### TASK REQUIREMENTS:
Pictures stay out of the copy. Transcribe exactly the lines from the line with "Strauss - Death and Transfiguration ..." through the final line of the records.

(Records excerpted from a collection)
Segment Open

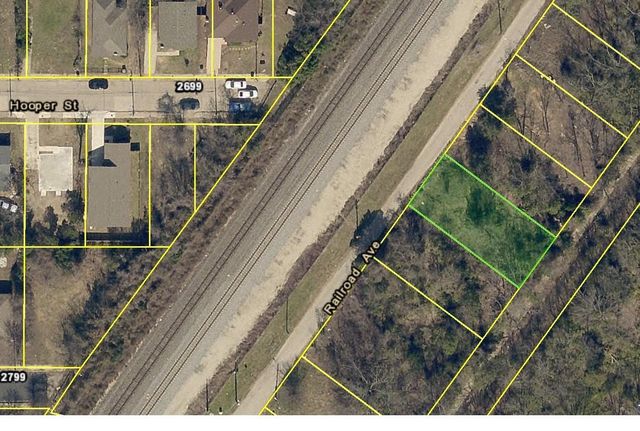 5420 Railroad Avenue, Dallas, TX 75215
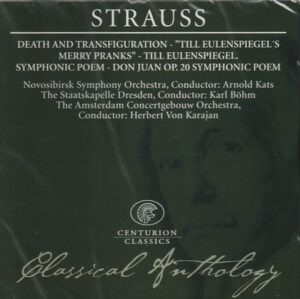 Strauss - Death and Transfiguration ...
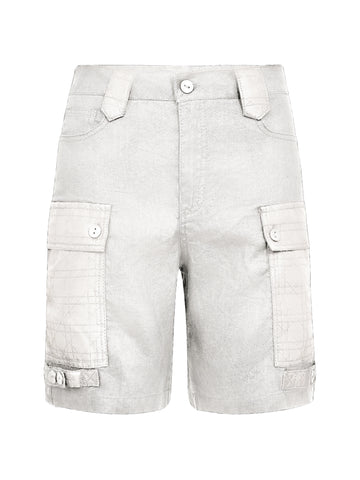 NÜ DAI Shorts Shorts Hvid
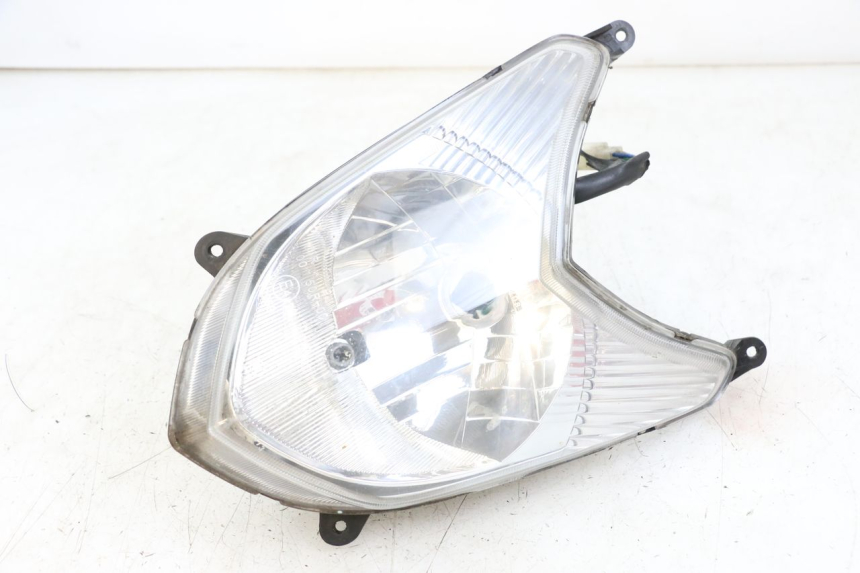 photo de FARO DELANTERO KYMCO AGILITY 4T 50 (2005 - 2018) - Estado de la superficie y material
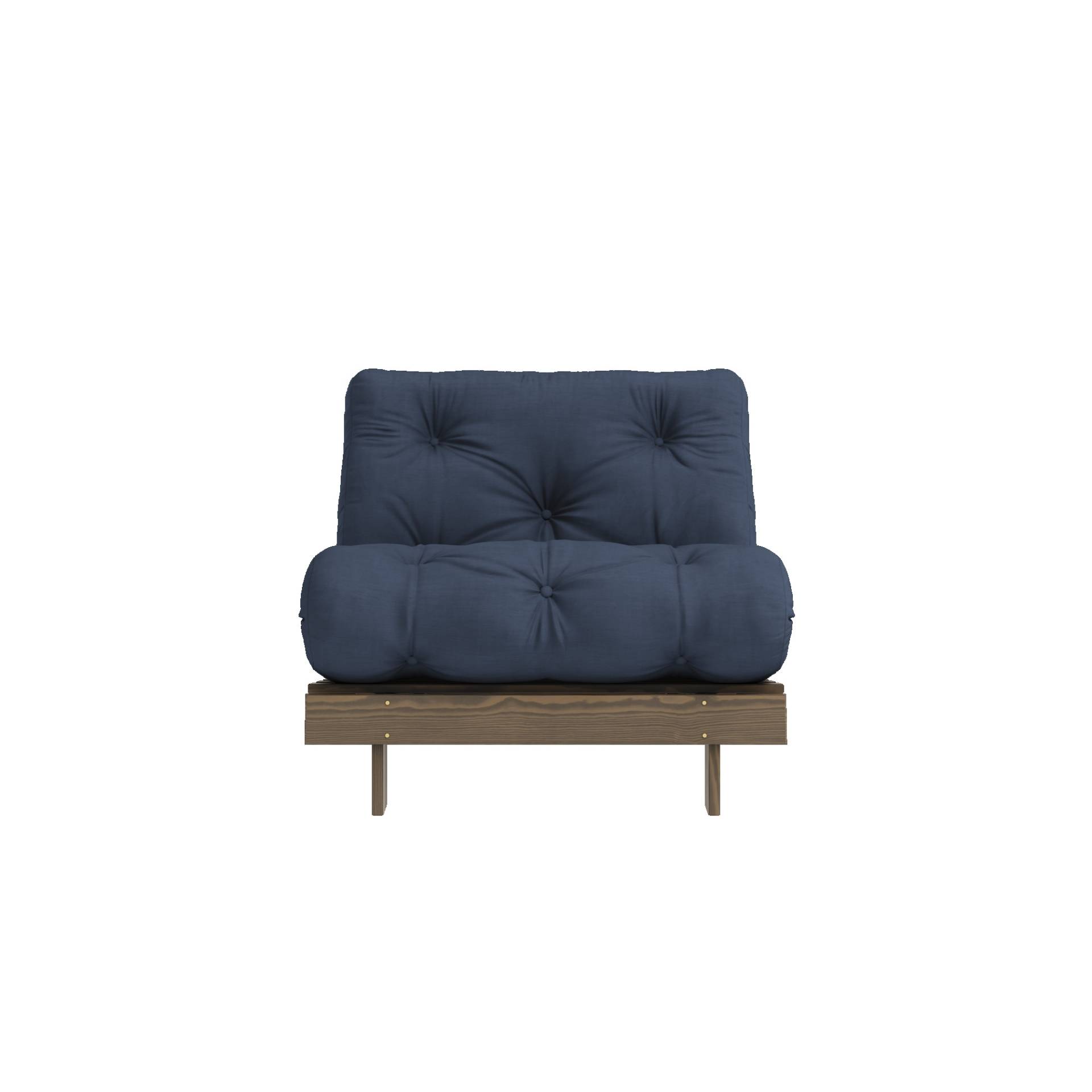 Karup Design Daybett »Roots Schlafsofa, Gästebett, Sofa inkl. Futonmatratze«, Liegefläche 90/140/160 x200 cm, FSC® zertifizierte Kiefer von Karup Design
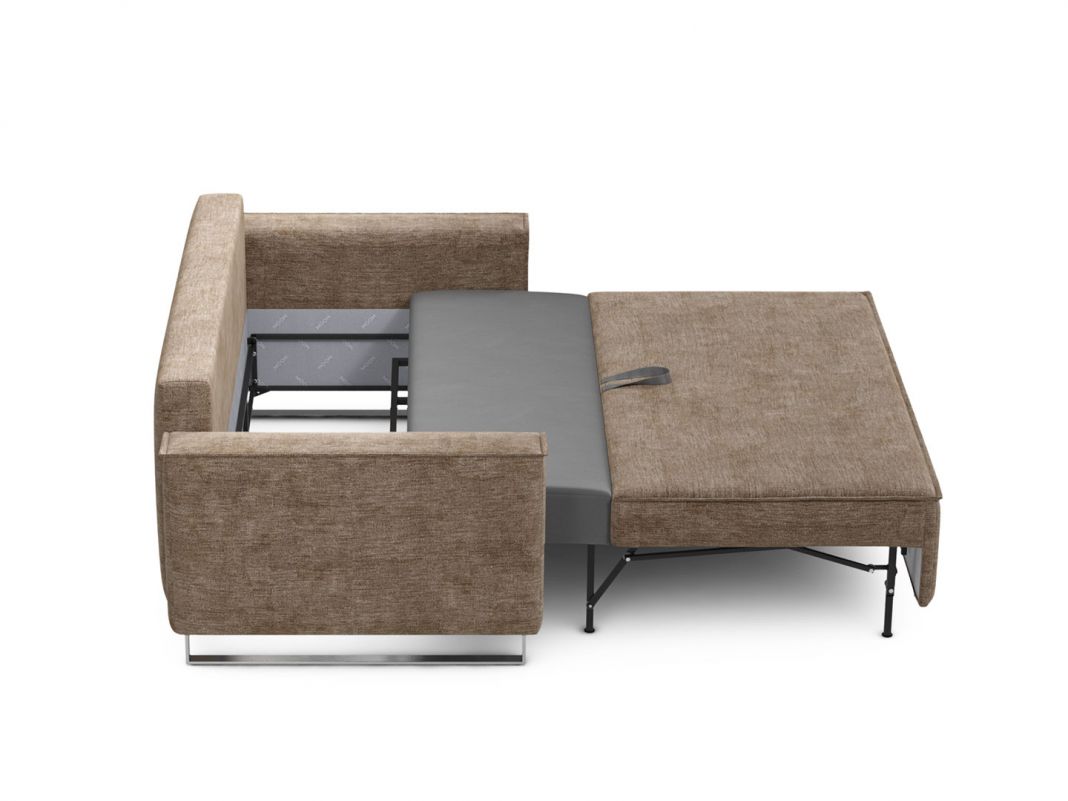 Диван MOON 005 цвет бежевый,коричневый (фото 238902)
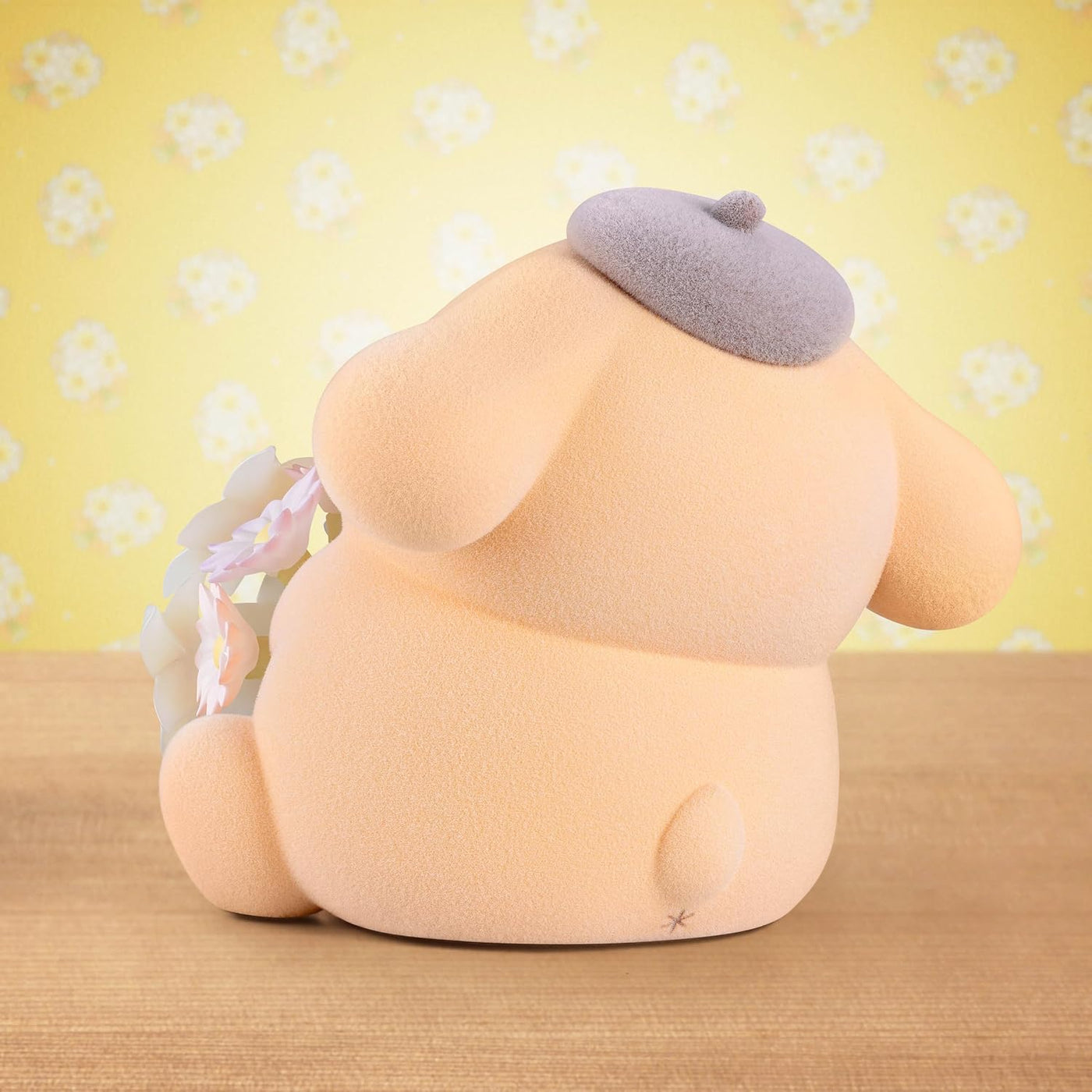 TAMASHII Nations - Sanrio - Pompompurin - Colores Pastel ver.- Figu...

Segment Closed

### YOUR RESPONSE:
 Strauss - Death and Transfiguration ...
 NÜ DAI Shorts Shorts Hvid
 photo de FARO DELANTERO KYMCO AGILITY 4T 50 (2005 - 2018) - Estado de la superficie y material
 Karup Design Daybett »Roots Schlafsofa, Gästebett, Sofa inkl. Futonmatratze«, Liegefläche 90/140/160 x200 cm, FSC® zertifizierte Kiefer von Karup Design
 Диван MOON 005 цвет бежевый,коричневый (фото 238902)
 TAMASHII Nations - Sanrio - Pompompurin - Colores Pastel ver.- Figu...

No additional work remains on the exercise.